> **What is required**
Give back the whole listing exactly as written, leaving out each picture.

> **Dataset content**
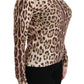 Leopard Cashmere Long Sleeve Blouse Sweater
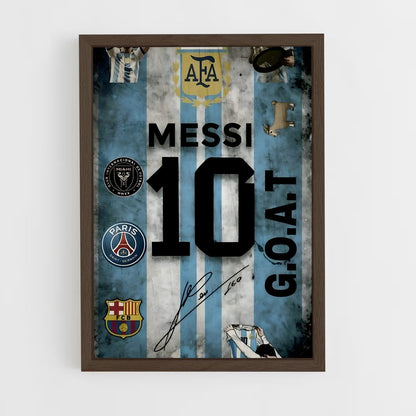 ap-lionel messi-14 cadre Bois foncé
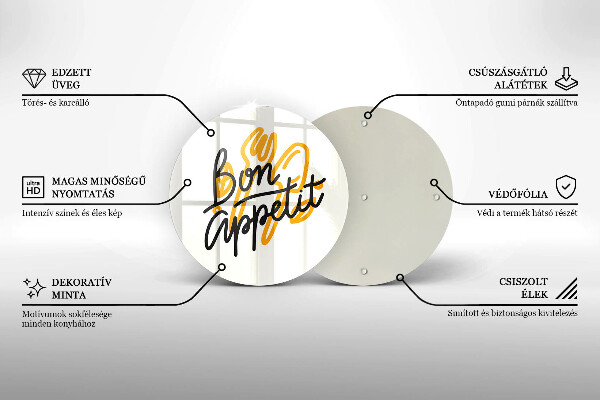 Skleněné krájecí prkénko Bon appetit nápis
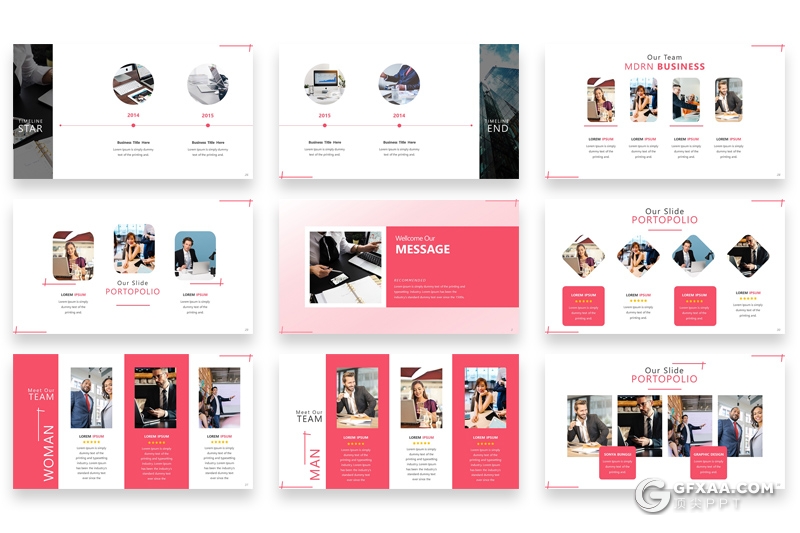 60页粉色欧美商务企业团队介绍工作总结汇报keynote模板 - 顶尖PPT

> **Output**
 Leopard Cashmere Long Sleeve Blouse Sweater
 ap-lionel messi-14 cadre Bois foncé
 Skleněné krájecí prkénko Bon appetit nápis
 60页粉色欧美商务企业团队介绍工作总结汇报keynote模板 - 顶尖PPT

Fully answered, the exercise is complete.